What I'm trying to achieve:
I have been looking for an approach for a long while now but I'm not able to find an (effective) way to this:
What I tried:
Python:
nltk
in combination with gensim
(as far as I could code and read it was only capable to use word similarity (but not taking order into
account).
R:
used tm
to build a TermDocumentMatrix
which looked really promising but was not able to map anything to this matrix. Further this TermDocumentMatrix
seems to take the order into account but misses the synonyms (I think).

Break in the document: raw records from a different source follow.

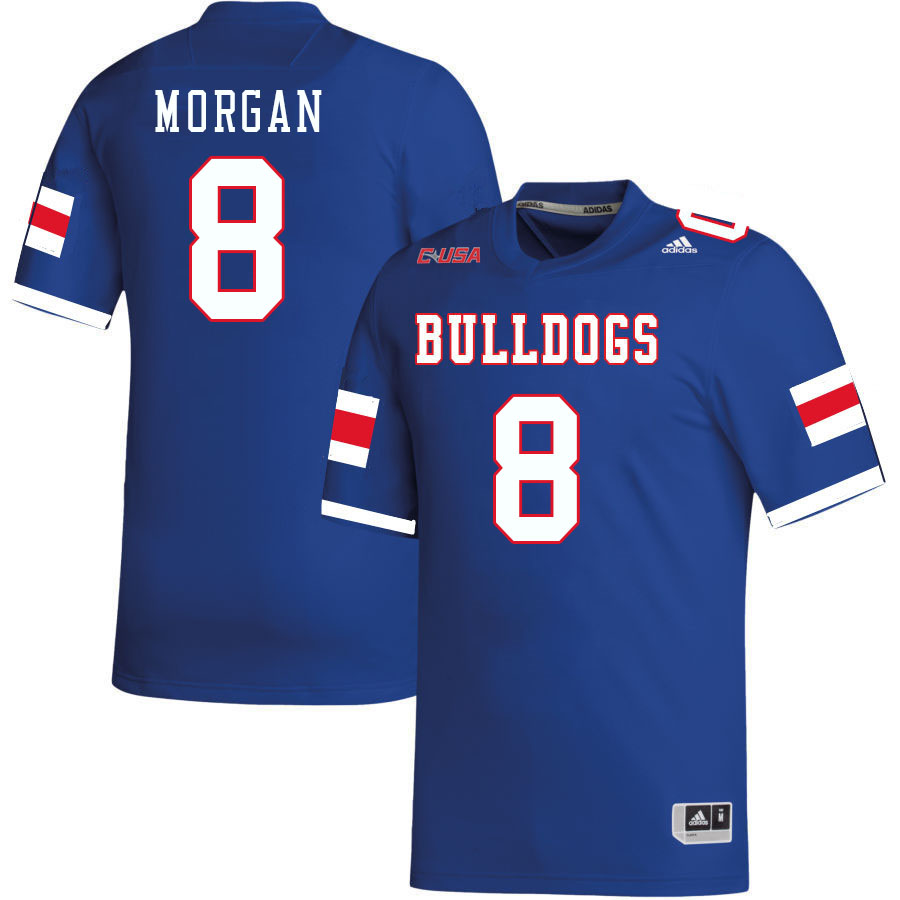 Men-Youth #8 Jakelyn Morgan Louisiana Tech Bulldogs 2023 College Football Jerseys Stitched-Blue
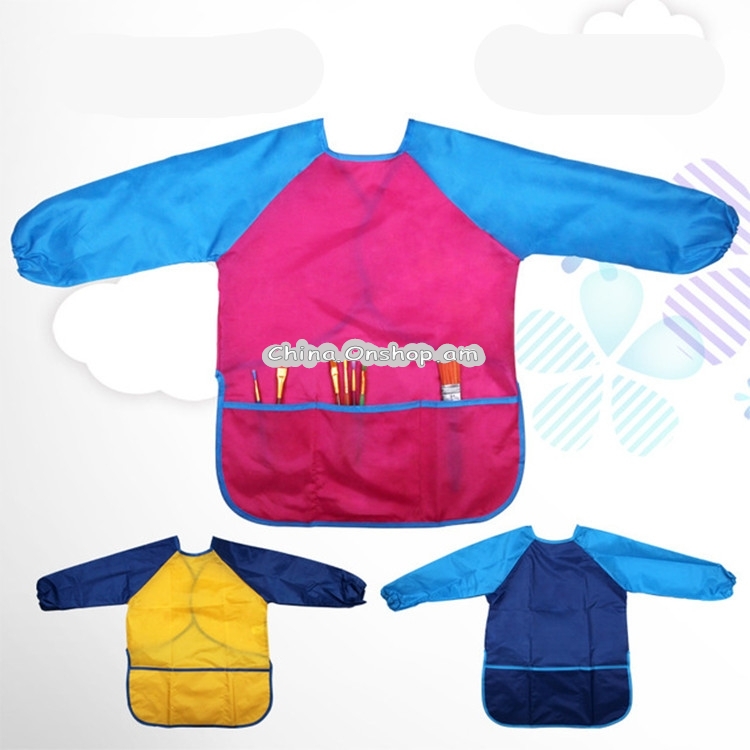 Long Sleeve Apron Drawing Painting Waterproof Smock Children Craft Art Waterproof Clothes, Size:S(Yellow)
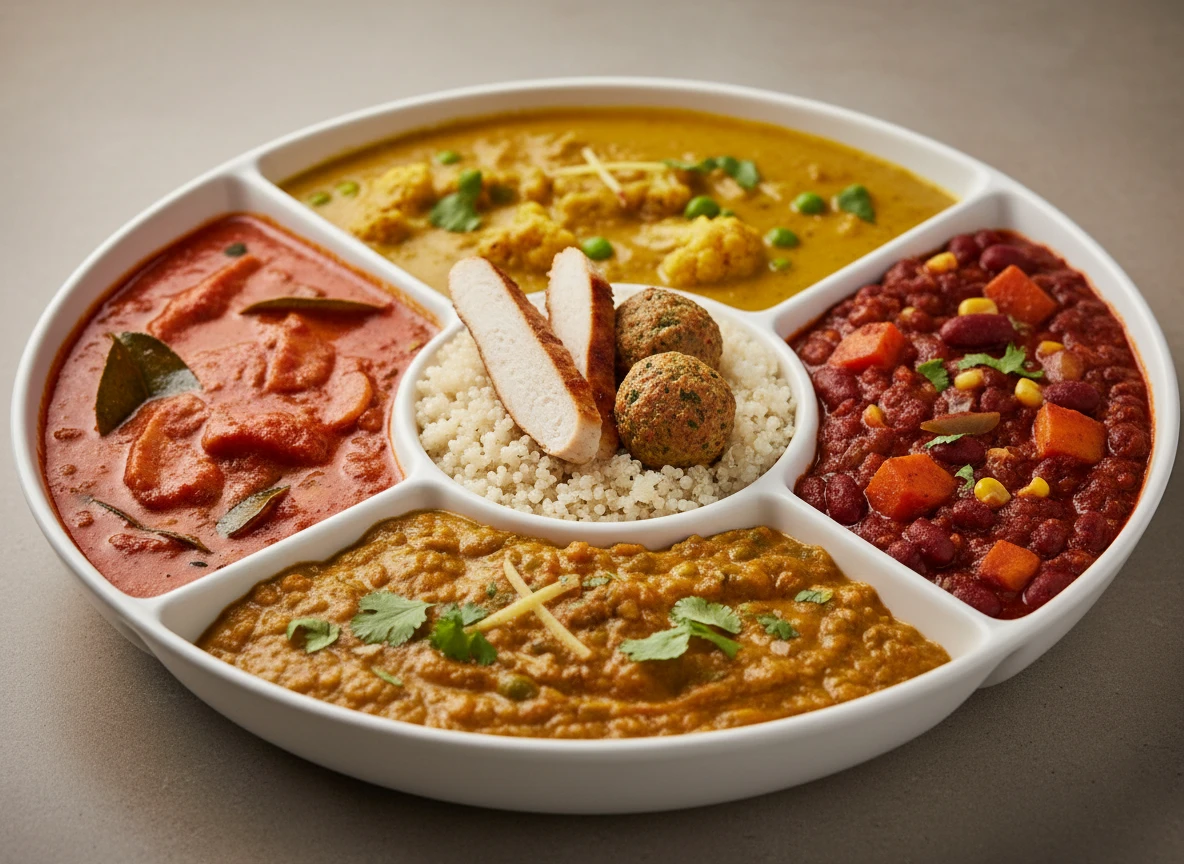 Verschiedene Sorten Curry mit Quinoa, veganen Chickenfilet und veganen Bällchen auf einem Teller angerichtet 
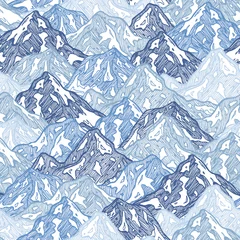 Wallpaper murals Mountains Mountains seamless pattern. Fun mountains abstract illustration. Vector illustration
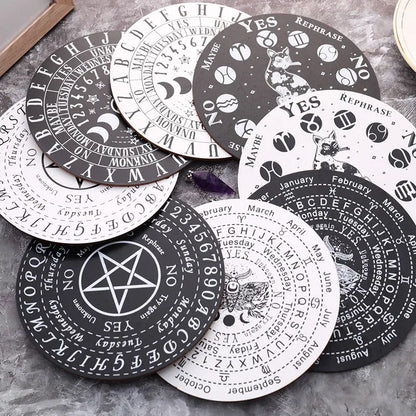 Wooden Divination Pendulum Boards With Mystical Designs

I know the lemmatization didn't go that well hahah :)
Question:
Is there any way to do achieve the steps described above using either R or Python? A simple sample code would be great (or references to a good tutorial)
There are many ways to do what you described above, and it will of course take lots of testing to find an optimized solution. But here is some helpful functionality to help solve this using python/nltk.
build a model from example sentences while taking word order and synonyms into account.
1. Tokenization
In this step you will want to break down individual sentences into a list of words.
Sample code:
import nltk
tokenized_sentence = nltk.word_tokenize('this is my test sentence')
print(tokenized_sentence)
['this', 'is', 'my', 'test', 'sentence']
2. Finding synonyms for each word.
Sample code:
from nltk.corpus import wordnet as wn
synset_list = wn.synsets('motorcar')
print(synset_list)
[Synset('car.n.01')]
Feel free to research synsets if you are unfamiliar, but for now just know the above returns a list, so multiple synsets are possibly returned.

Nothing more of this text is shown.